* [Task brief]
Would you copy the material below word for word, beginning with its first line and ending with the line that contains "业余羽毛球等级评定标准图片"?

* [Given entries]

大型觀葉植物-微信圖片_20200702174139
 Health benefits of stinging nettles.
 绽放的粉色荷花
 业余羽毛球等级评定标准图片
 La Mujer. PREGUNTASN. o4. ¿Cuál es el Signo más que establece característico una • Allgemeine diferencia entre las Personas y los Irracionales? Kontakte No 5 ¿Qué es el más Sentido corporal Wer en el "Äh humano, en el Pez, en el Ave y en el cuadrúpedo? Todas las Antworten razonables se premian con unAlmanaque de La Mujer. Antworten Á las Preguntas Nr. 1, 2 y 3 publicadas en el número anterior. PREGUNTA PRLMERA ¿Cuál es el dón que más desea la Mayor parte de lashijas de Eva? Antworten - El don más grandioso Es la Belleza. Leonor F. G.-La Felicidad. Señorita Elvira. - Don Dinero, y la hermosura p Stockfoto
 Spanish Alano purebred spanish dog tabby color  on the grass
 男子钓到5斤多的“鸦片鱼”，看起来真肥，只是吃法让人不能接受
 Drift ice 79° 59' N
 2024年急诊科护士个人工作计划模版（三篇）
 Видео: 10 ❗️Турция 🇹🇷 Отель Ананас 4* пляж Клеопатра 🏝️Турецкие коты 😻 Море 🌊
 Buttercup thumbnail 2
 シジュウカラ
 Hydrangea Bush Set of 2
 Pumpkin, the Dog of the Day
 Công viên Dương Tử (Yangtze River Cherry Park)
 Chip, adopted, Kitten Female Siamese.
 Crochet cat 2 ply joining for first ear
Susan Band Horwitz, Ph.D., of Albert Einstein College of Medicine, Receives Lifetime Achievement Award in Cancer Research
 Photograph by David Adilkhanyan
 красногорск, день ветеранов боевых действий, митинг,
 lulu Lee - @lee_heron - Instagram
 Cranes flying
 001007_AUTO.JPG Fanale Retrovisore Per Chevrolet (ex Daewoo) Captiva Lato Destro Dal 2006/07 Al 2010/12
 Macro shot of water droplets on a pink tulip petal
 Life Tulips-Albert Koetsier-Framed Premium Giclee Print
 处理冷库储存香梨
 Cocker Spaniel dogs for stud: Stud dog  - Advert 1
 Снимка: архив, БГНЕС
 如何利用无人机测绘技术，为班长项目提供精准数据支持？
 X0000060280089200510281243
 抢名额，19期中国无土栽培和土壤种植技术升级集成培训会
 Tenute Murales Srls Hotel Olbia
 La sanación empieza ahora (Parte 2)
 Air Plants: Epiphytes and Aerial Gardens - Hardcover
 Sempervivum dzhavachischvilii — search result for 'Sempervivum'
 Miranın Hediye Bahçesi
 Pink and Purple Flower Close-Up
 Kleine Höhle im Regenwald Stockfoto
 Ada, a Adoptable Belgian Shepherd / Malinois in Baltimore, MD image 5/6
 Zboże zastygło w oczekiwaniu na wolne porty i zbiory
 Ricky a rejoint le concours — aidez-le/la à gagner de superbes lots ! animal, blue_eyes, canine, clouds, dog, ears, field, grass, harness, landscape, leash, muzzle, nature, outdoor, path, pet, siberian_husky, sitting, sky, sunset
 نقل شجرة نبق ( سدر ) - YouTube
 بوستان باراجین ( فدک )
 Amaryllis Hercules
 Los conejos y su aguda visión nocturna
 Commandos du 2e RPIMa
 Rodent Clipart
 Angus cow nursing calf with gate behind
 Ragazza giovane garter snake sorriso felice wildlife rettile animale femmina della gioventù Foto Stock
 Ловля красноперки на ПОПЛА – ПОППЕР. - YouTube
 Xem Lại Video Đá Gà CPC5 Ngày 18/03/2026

* [Solution to the problem]
大型觀葉植物-微信圖片_20200702174139
 Health benefits of stinging nettles.
 绽放的粉色荷花
 业余羽毛球等级评定标准图片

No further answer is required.